------ Records supplied

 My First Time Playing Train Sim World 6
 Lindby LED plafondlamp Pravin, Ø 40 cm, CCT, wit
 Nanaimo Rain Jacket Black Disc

------------
------ Records supplied

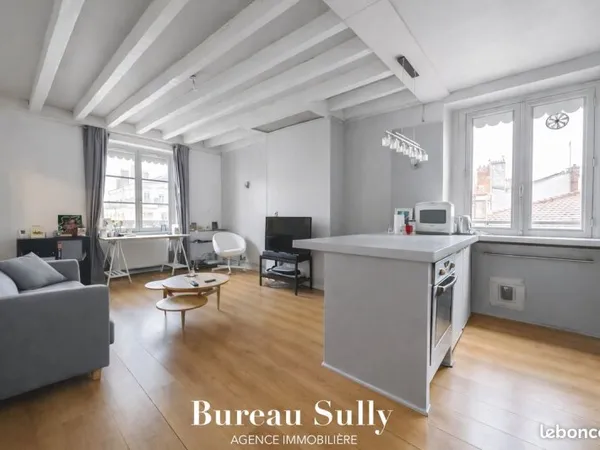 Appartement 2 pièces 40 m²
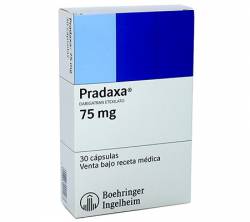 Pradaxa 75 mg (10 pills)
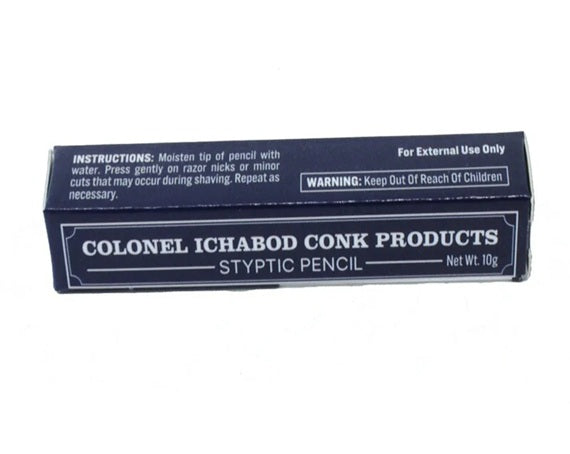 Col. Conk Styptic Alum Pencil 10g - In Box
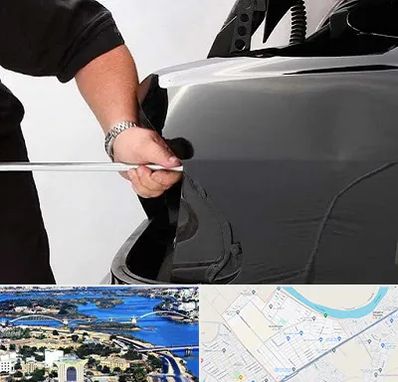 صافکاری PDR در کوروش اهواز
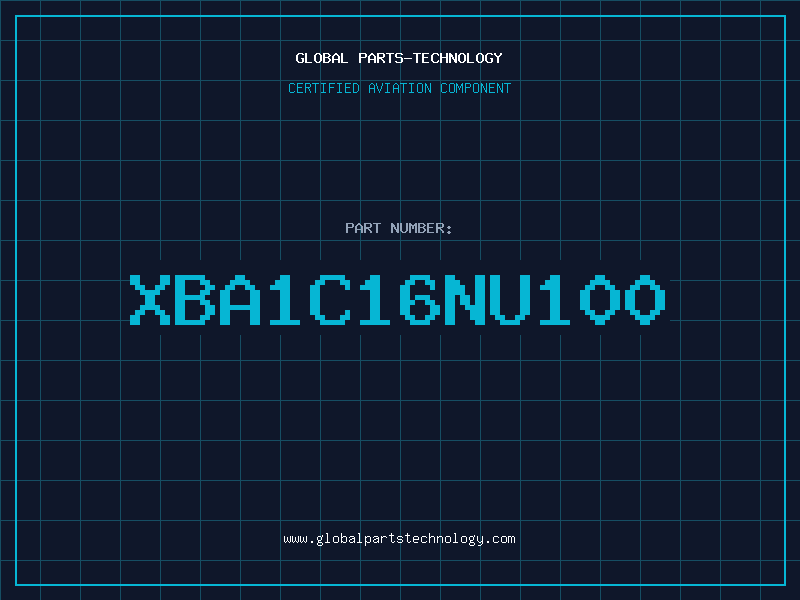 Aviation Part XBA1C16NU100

------------

### Task prompt
In your answer, include only the lines above starting at the line that holds "My First Time Playing Train Sim World 6" and ending at the line that holds "Nanaimo Rain Jacket Black Disc", copied exactly.

### Result of the exercise
 My First Time Playing Train Sim World 6
 Lindby LED plafondlamp Pravin, Ø 40 cm, CCT, wit
 Nanaimo Rain Jacket Black Disc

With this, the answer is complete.